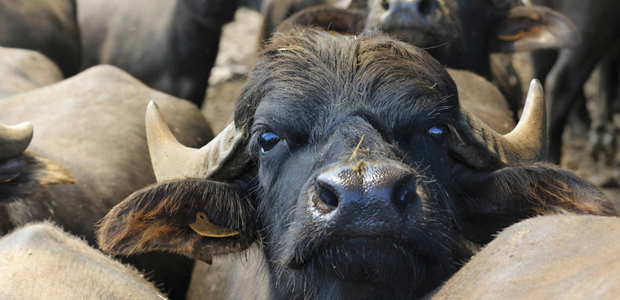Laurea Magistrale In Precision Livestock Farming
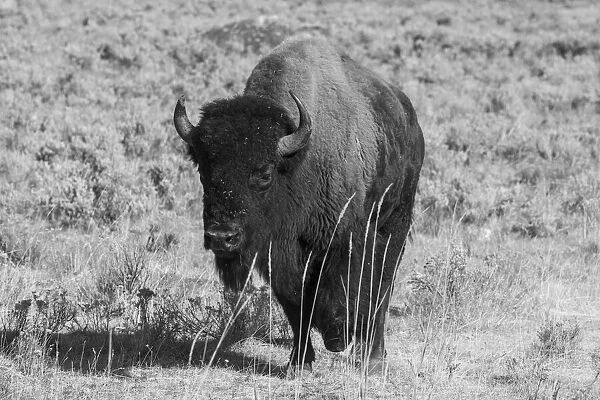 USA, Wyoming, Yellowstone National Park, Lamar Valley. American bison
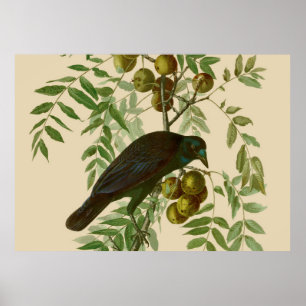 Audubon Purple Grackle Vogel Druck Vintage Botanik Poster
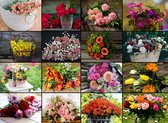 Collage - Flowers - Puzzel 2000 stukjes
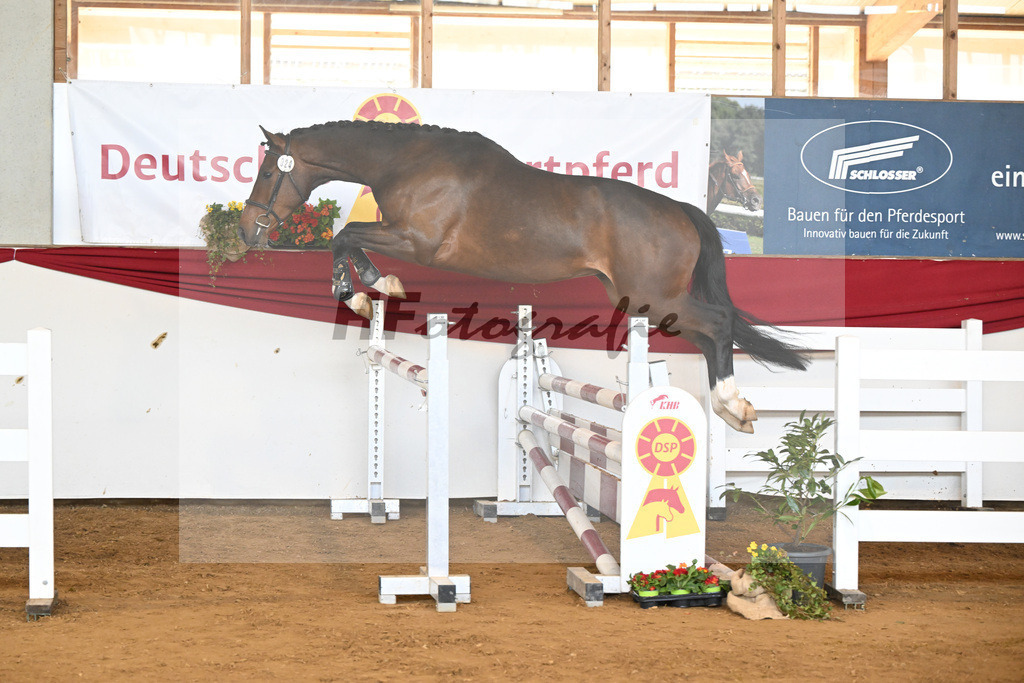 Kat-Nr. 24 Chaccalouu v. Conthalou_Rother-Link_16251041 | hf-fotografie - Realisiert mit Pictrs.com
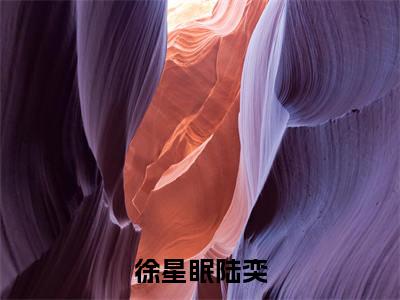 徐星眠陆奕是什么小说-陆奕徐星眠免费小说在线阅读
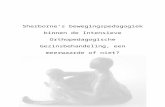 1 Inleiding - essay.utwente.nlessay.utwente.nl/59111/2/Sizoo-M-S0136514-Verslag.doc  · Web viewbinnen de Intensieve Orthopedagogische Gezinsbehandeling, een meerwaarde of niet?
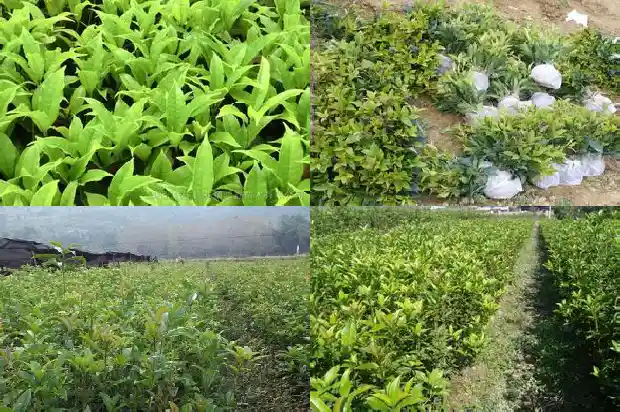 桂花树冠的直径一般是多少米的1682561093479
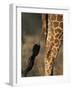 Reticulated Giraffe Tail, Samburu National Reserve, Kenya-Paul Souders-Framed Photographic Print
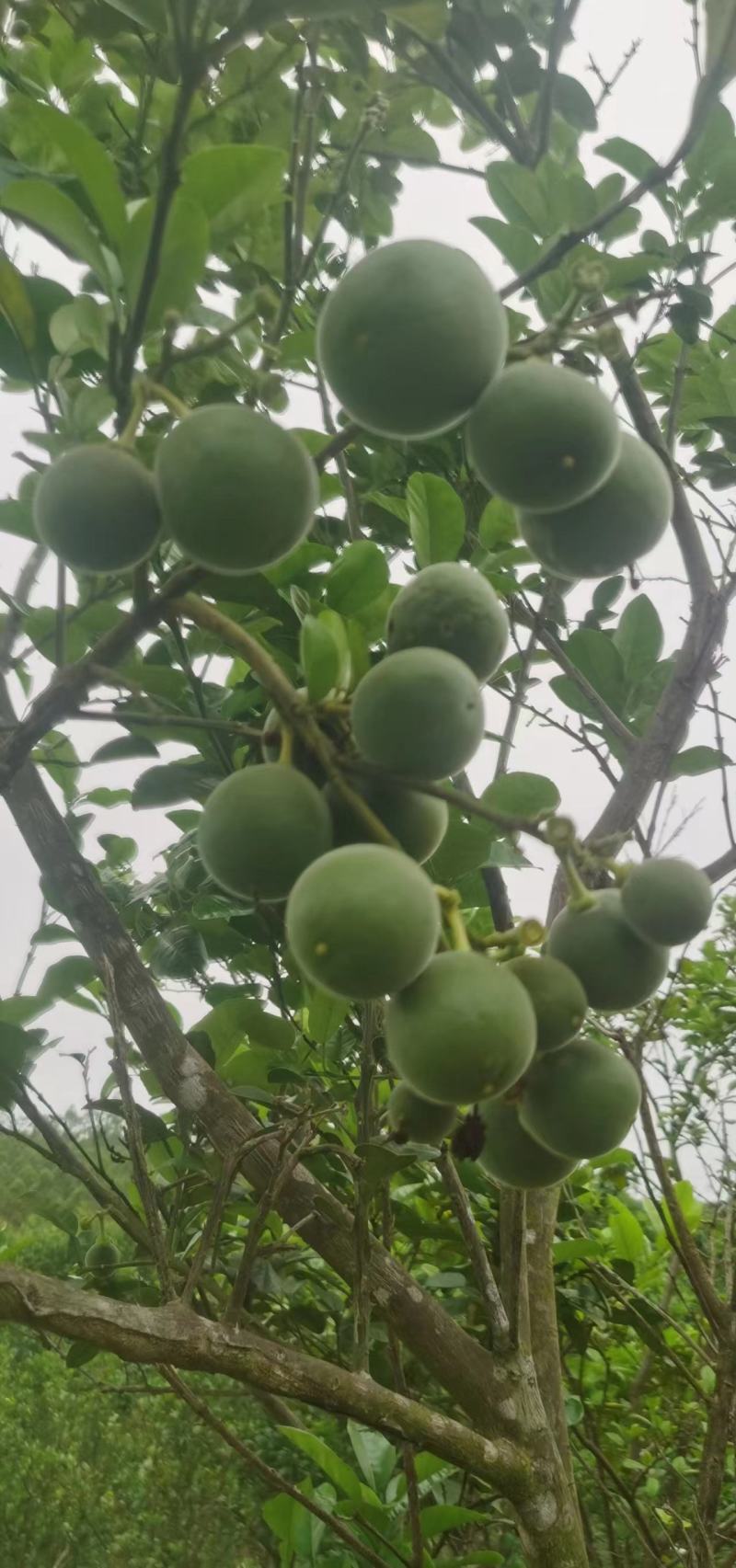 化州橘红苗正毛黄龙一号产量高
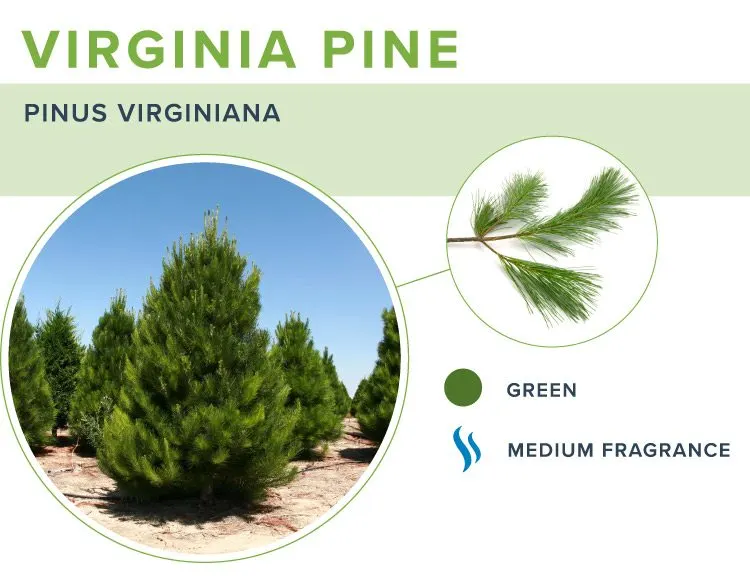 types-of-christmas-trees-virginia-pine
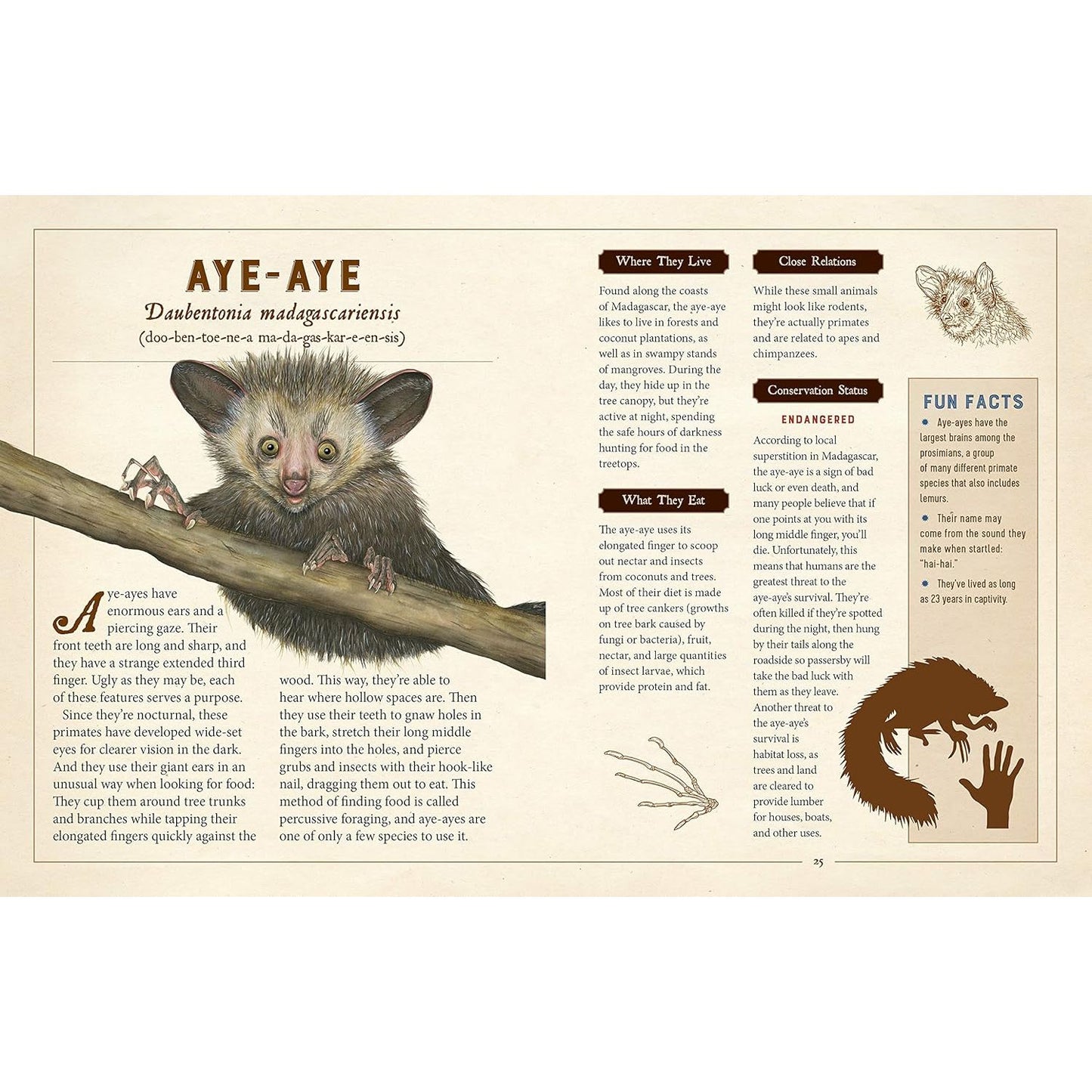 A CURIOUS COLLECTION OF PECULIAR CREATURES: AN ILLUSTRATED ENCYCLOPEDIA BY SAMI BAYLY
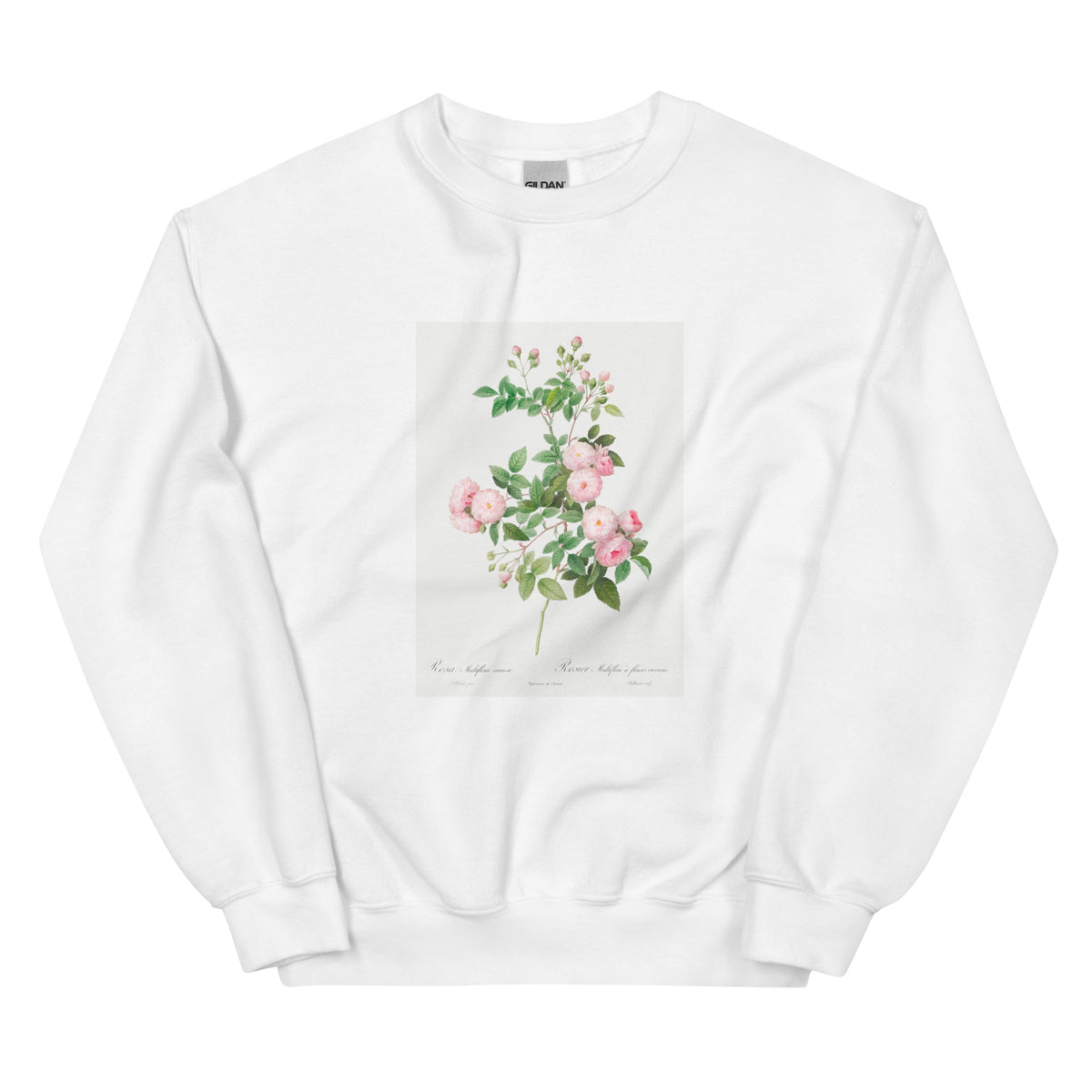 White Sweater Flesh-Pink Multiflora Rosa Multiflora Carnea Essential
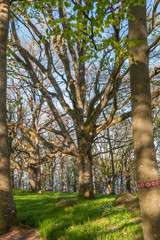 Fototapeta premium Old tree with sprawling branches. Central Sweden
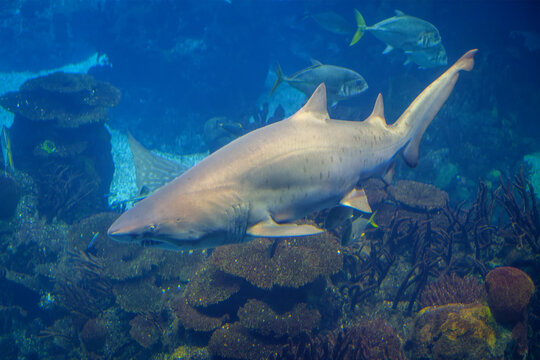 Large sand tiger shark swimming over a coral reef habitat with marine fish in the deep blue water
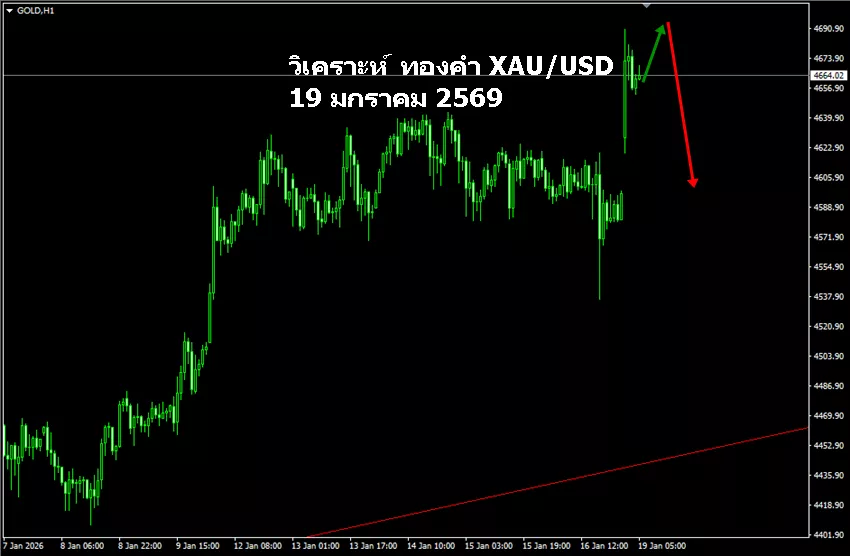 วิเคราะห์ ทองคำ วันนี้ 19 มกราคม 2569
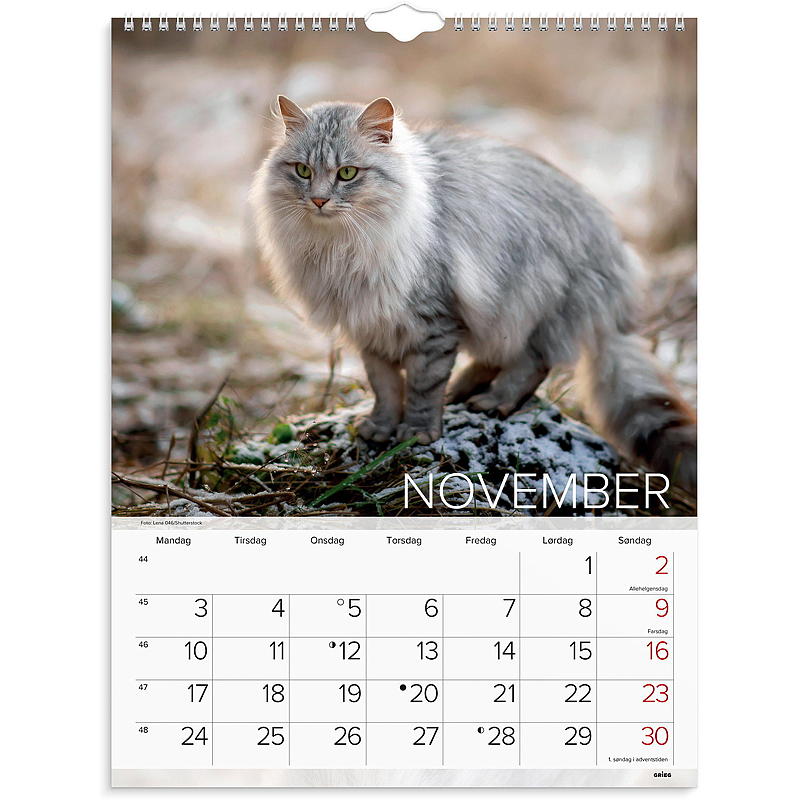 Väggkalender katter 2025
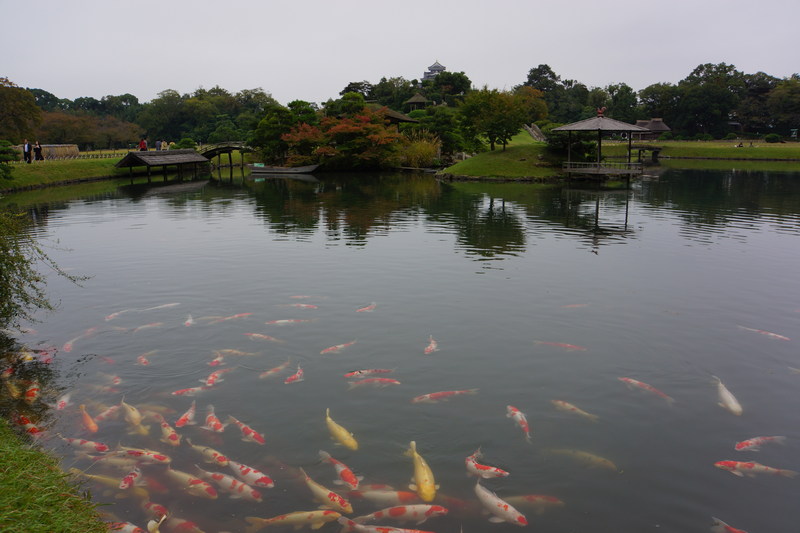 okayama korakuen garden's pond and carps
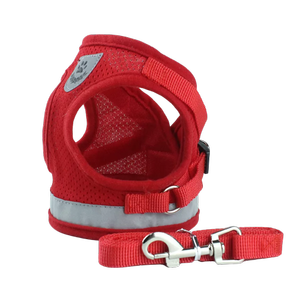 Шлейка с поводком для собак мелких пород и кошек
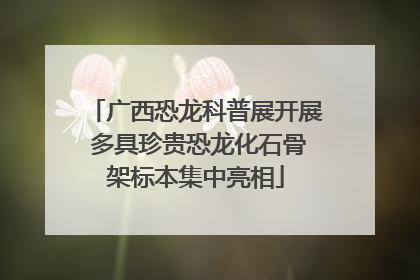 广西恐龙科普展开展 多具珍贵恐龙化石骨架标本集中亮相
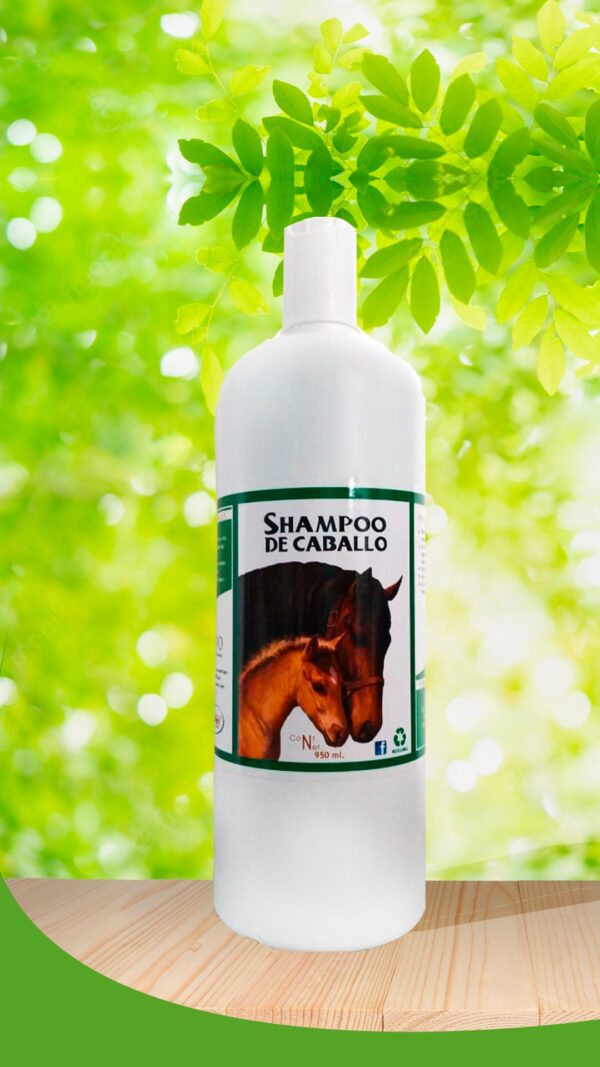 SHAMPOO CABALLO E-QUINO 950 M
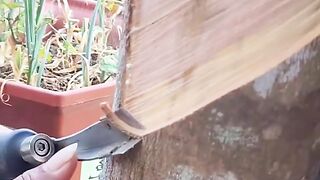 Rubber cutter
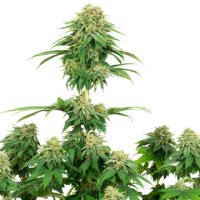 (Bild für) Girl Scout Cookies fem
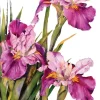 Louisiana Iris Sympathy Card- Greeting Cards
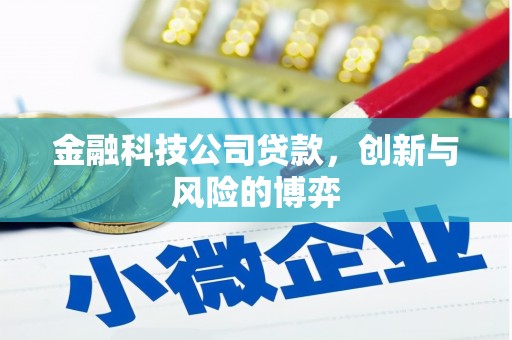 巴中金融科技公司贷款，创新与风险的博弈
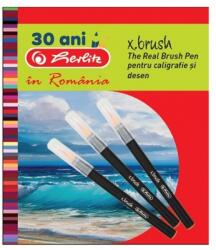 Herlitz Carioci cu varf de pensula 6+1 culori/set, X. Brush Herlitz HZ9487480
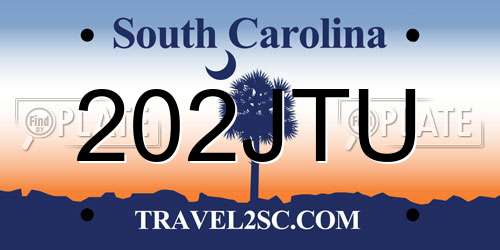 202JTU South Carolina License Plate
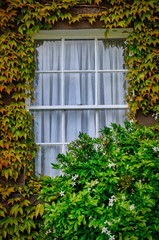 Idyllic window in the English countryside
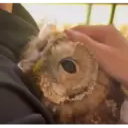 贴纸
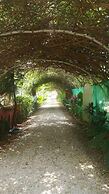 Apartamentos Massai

━━━━━━━━━━━━━━━━

Directions :: Nothing but the lines from the one containing "Herlitz Carioci cu" through the last line of the records should appear in the copy, exactly as written and without pictures.

Output ::
 Herlitz Carioci cu varf de pensula 6+1 culori/set, X. Brush Herlitz HZ9487480
 202JTU South Carolina License Plate
 Idyllic window in the English countryside
 贴纸
 Apartamentos Massai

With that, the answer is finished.